Affiliation:
1. General Manager Office, Jiangxi Hanhe Biotechnology Co., Ltd, Nanchang, China
2. General Manager Office, Shaanxi Wisdom Health Management Service Co., Ltd, Xi’an, China
3. Laboratory of Traditional Chinese Medicine, Jiangxi Institute For Drug Control, Jiangxi Provincial Engineering Research Center for Drug and Medical Device Quality, NMPA Key Laboratory for Quality Evaluation of Traditional Chinese Medicine, Nanchang, China
Abstract
Objective To systematically explore the targets and signaling pathways of sinomenine (SIN) in the treatment of osteoarthritis (OA) using integrated network pharmacology, molecular docking, and experimental validation. Methods The TCMSP, SwissADME, and Pharmmapper databases were used to predict SIN targets, while the databases of GeneCards, DisGeNET, OMIM, and DrugBank were selected to acquire OA targets. Subsequently, the intersection targets of SIN and OA disease were collected using the Veeny platform.

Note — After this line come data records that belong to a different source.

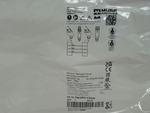  Murr Elektronik 7000-88001-0100050 Sensor Actuator Cable M8 Male / M8 Female 60V Image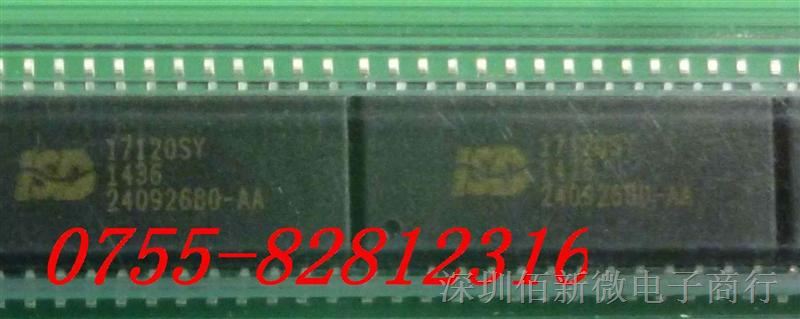 语音芯片 ISD17120SY 贴片120秒 原装现货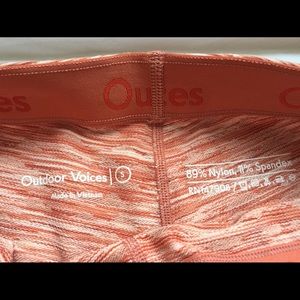Outdoor Voices Pants - Outdoor Voices Terra Cotta leggings Outdoor Voices Pants - Outdoor Voices Terra Cotta leggings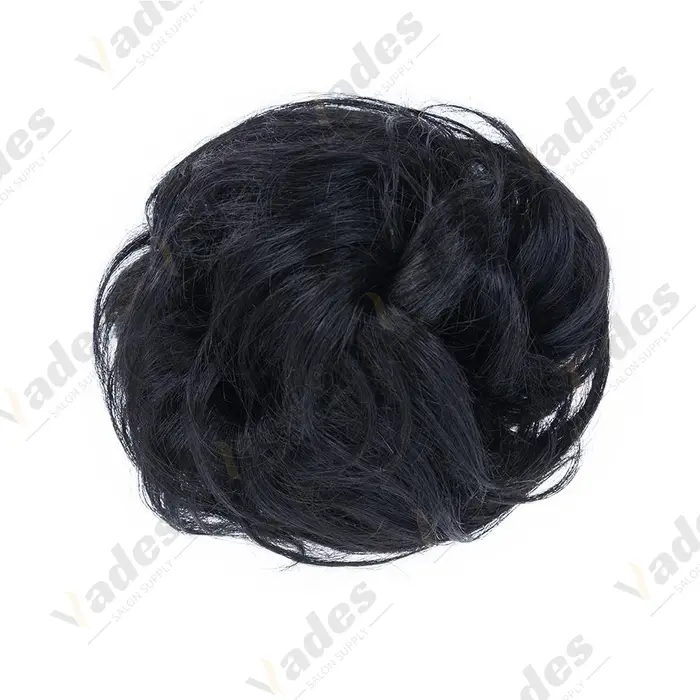 Pince à griffes Chignon désordre morceau de cheveux 100% vrais cheveux humains Chignons bouclés Chig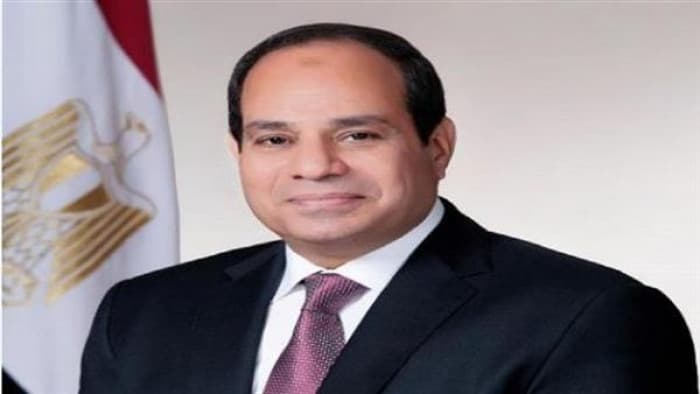 الرئيس المصري يستأنف مهامه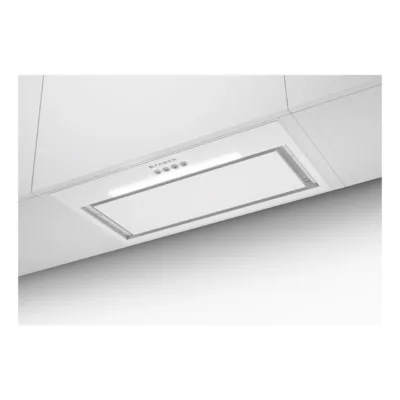 Integreeritav köögiõhupuhasti LED-valgustusega FABER Inka Lux Evo WH Matt A52, 60 cm, 620 m3/h, väljatõmbeühendusega,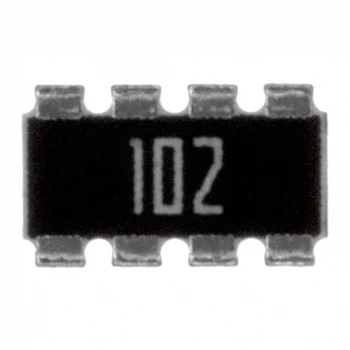 TC164-JR-0722RL 1206 22R 5% 1/16 Вт 0603x4 микросхемы Yageo с резисторными массивами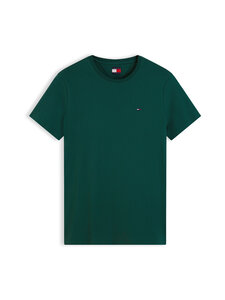 Tommy Jeans - Xslim Jersey t-krekls - MBM VELVET GREEN | Stockmann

Then, the protein-protein interaction (PPI) network map of “SIN-targets-OA” was established using String database and Cytoscape software. Additionally, the Gene Ontology (GO) and Kyoto Encyclopedia of Genes and Genomes (KEGG) pathway enrichment analyses were performed through the Database for Annotation, Visualization and Integrated Discovery (DAVID). Additionally, the potential proteins of SIN against OA were validated via molecular docking technique. Finally, the experimental validation was performed in SW1353 cells induced by interleukin (IL)-1β. Results A total of 315 potential targets of SIN and 4300 OA-associated targets were collected from public databases, and 42 intersecting potential targets of SIN and OA disease acquired. Then, the PPI network diagram of “SIN-targets-OA” was acquired that comprised a total of 43 nodes and 82 edges. Moreover, 173 GO and 21 KEGG pathway entries were screened with a P-value <.05. Among them, peroxisome proliferator-activated receptor (PPAR) and IL-17 are the core signaling pathways. Molecular docking technique indicated strong binding energies of SIN with PPAR (−6.1 kcal/mol) and IL-17 (−6.3 kcal/mol). Lastly, SIN at the concentration of 50 μmol/L has a significant effect on IL-1β-induced SW1353 cells by the inhibition of PPAR-γ and IL-17A proteins without cytotoxicity. Conclusion This work revealed the underlying targets and signaling pathways of SIN against OA using integrated network pharmacology molecular docking, and experimental validation. These findings provide scientific evidence for the clinical application of SIN for OA treatment.